• _Records provided_
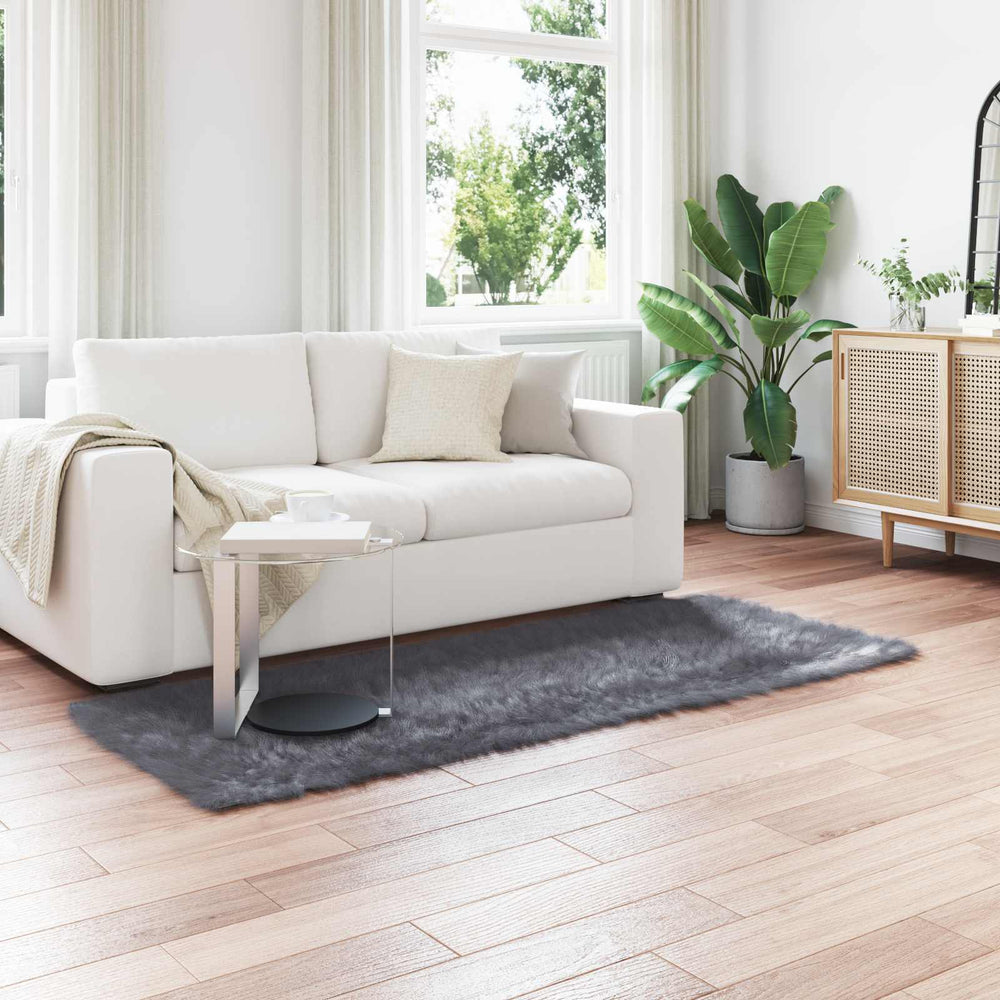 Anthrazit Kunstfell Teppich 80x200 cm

--

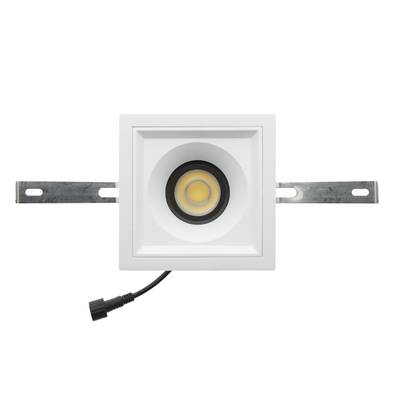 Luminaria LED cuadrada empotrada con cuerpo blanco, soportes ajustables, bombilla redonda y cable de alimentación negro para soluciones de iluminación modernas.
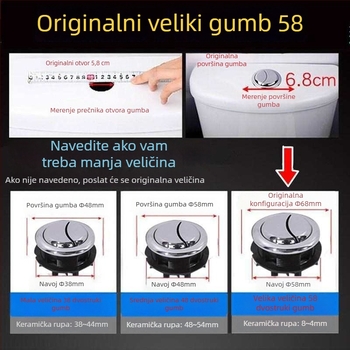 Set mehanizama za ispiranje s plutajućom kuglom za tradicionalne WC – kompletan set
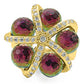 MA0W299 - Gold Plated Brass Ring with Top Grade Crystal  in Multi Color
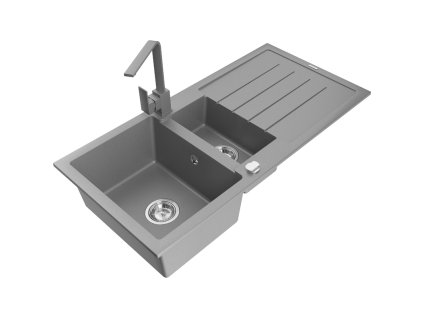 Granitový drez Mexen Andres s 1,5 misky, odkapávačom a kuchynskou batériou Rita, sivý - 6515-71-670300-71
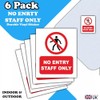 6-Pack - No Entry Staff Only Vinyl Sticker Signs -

• _Required work_
Look back at the data above, then output exactly the lines from the line holding "Luminaria LED cuadrada" up to and including the line holding "6-Pack - No". Leave out the pictures.

• _Answer box_
 Luminaria LED cuadrada empotrada con cuerpo blanco, soportes ajustables, bombilla redonda y cable de alimentación negro para soluciones de iluminación modernas.
 Set mehanizama za ispiranje s plutajućom kuglom za tradicionalne WC – kompletan set
 MA0W299 - Gold Plated Brass Ring with Top Grade Crystal  in Multi Color
 Granitový drez Mexen Andres s 1,5 misky, odkapávačom a kuchynskou batériou Rita, sivý - 6515-71-670300-71
 6-Pack - No Entry Staff Only Vinyl Sticker Signs -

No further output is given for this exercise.